Excerpts from a dataset

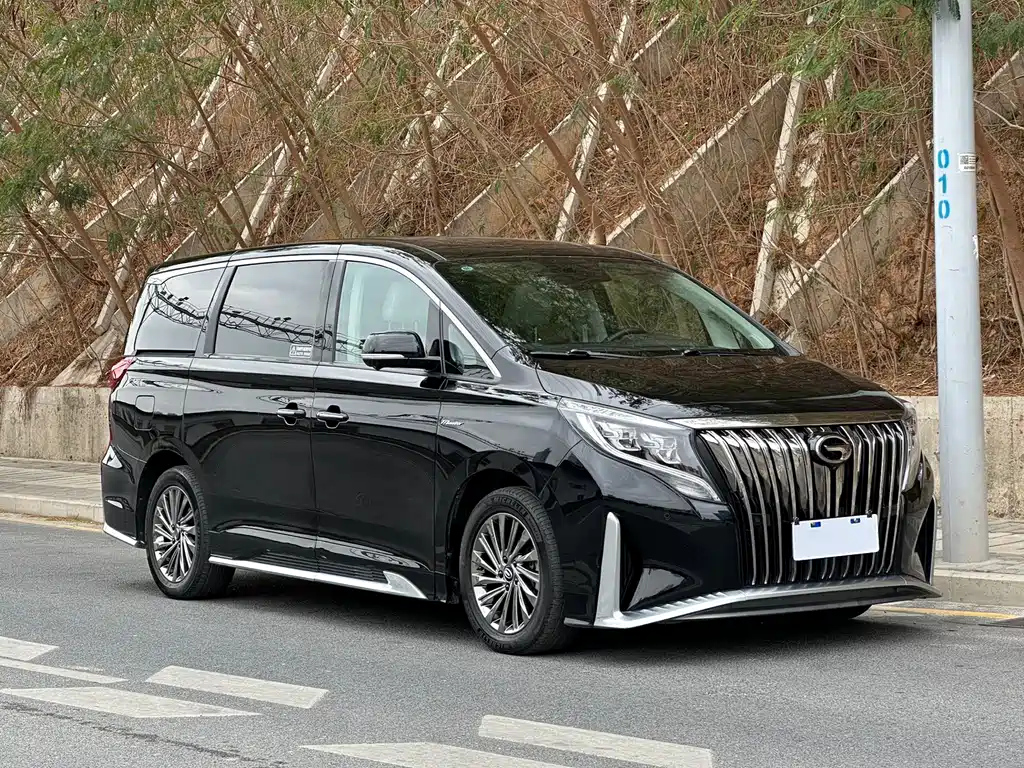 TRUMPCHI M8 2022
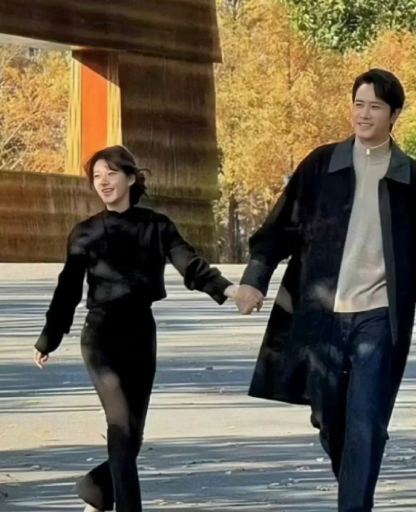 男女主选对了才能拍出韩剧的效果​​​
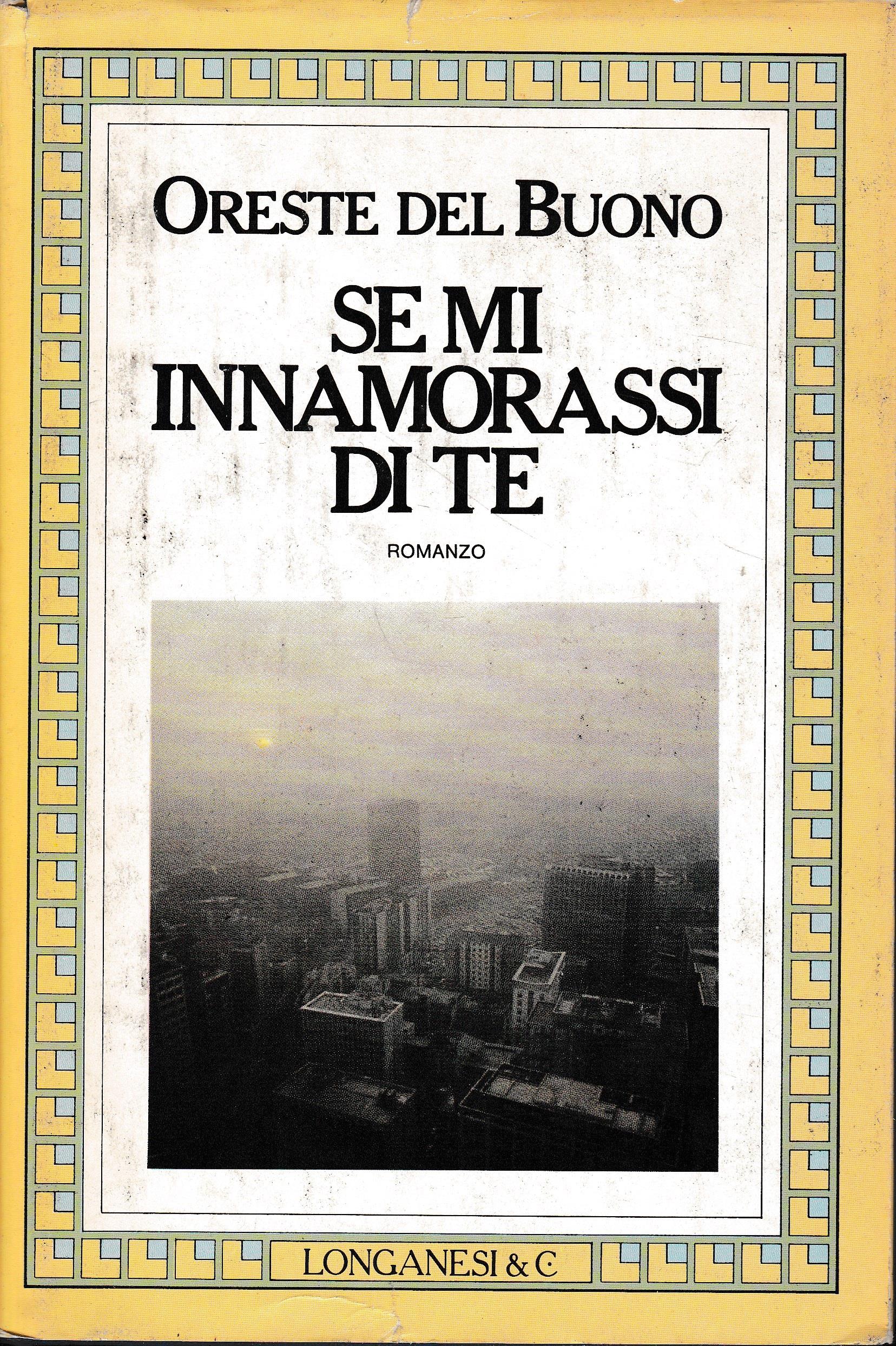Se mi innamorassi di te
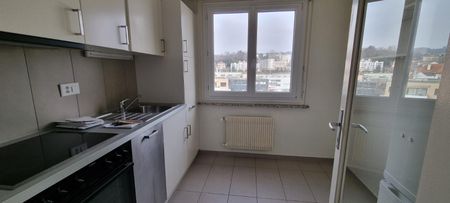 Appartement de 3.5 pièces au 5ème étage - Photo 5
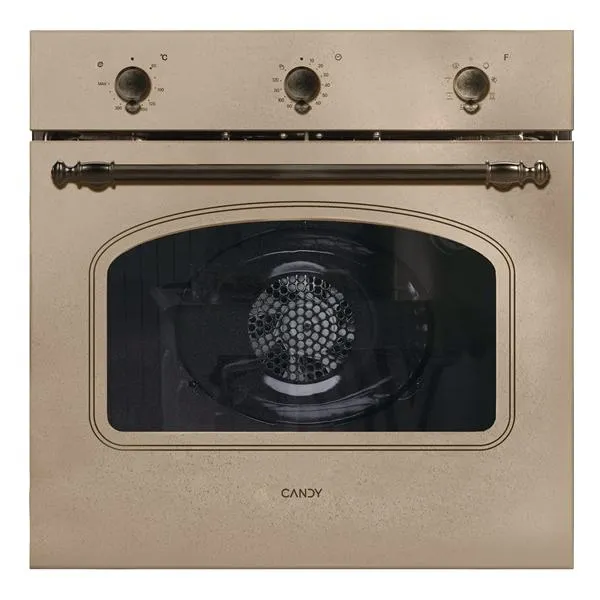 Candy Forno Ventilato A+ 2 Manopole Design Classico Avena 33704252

Task description: Set down the entries above word for word, but drop any image.

Written response:
 TRUMPCHI M8 2022
 男女主选对了才能拍出韩剧的效果​​​
Se mi innamorassi di te
 Appartement de 3.5 pièces au 5ème étage - Photo 5
 Candy Forno Ventilato A+ 2 Manopole Design Classico Avena 33704252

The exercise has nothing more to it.